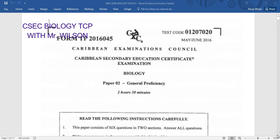Welcome to CSEC Biology. I am Mr. Wilson, and today we're going to be looking at question number two of the May/June 2016 CXC CSEC Biology paper. Please be reminded to like, share, and subscribe.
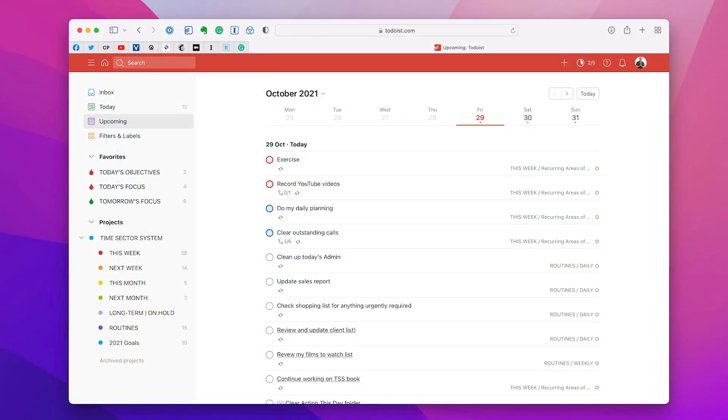Let me take you into my demo account now and I'm going to show you everything you need to know about Upcoming. Here we go with the Upcoming View.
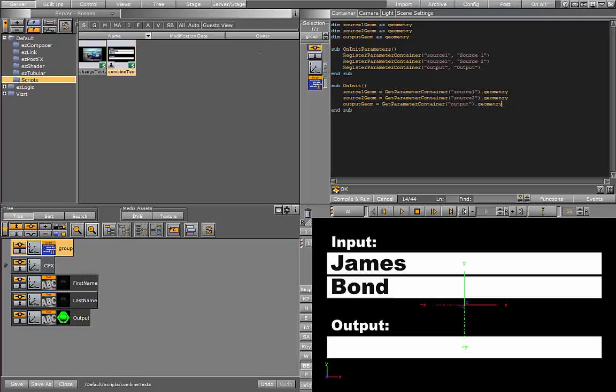Now that we have set up our global parameters, let's set up the register callback. We're calling the text callback on the two inputs. To do this, we take the geometry, which has the register text callback.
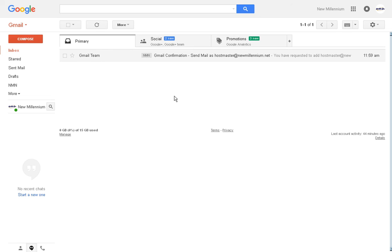And that completes the setup of your new company account in your Gmail. Enjoy.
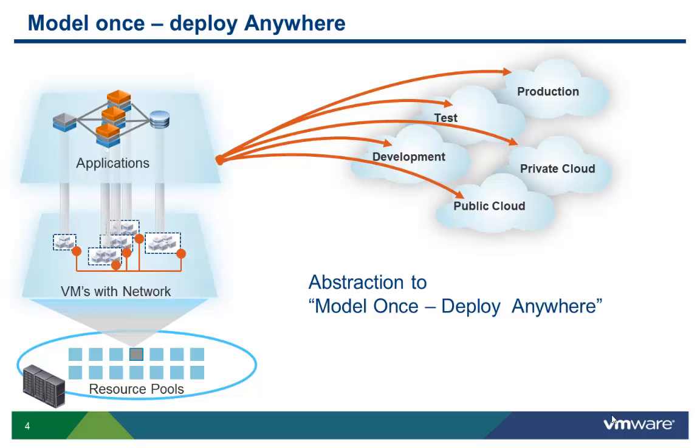You can model a service once and deploy it anywhere, whether it is a dev, test, a production environment, or whether it is a private or a public cloud. The mechanism of deploying the same application to multiple environments is explained more in the video on deployment profiles.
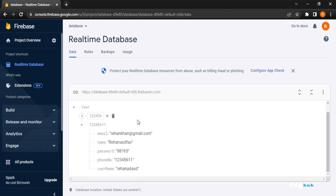This was all about how to add data to Firebase using the Realtime Database. I hope this video was helpful. If you found it helpful, please hit the like button and subscribe to our channel. Thank you.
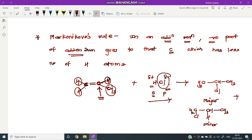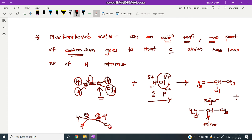Why does the negative part go to the carbon with fewer hydrogen atoms? Because when we break the pi bond, two electrons go to one carbon giving it a negative character, while the other carbon gets a positive charge — forming a carbocation. When the carbocation forms on the carbon bearing the methyl group, it is more stabilized by the electron-donating effect of the methyl group. Therefore, this carbocation is preferentially generated, and the negative part goes to that carbon.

==========

Aim of the exercise:
Starting at the line with "And that completes" and finishing at the line with "This was all", copy the material above exactly, both lines included. Nothing else goes in, and no pictures.

Exercise output:
And that completes the setup of your new company account in your Gmail. Enjoy.
You can model a service once and deploy it anywhere, whether it is a dev, test, a production environment, or whether it is a private or a public cloud. The mechanism of deploying the same application to multiple environments is explained more in the video on deployment profiles.
This was all about how to add data to Firebase using the Realtime Database. I hope this video was helpful. If you found it helpful, please hit the like button and subscribe to our channel. Thank you.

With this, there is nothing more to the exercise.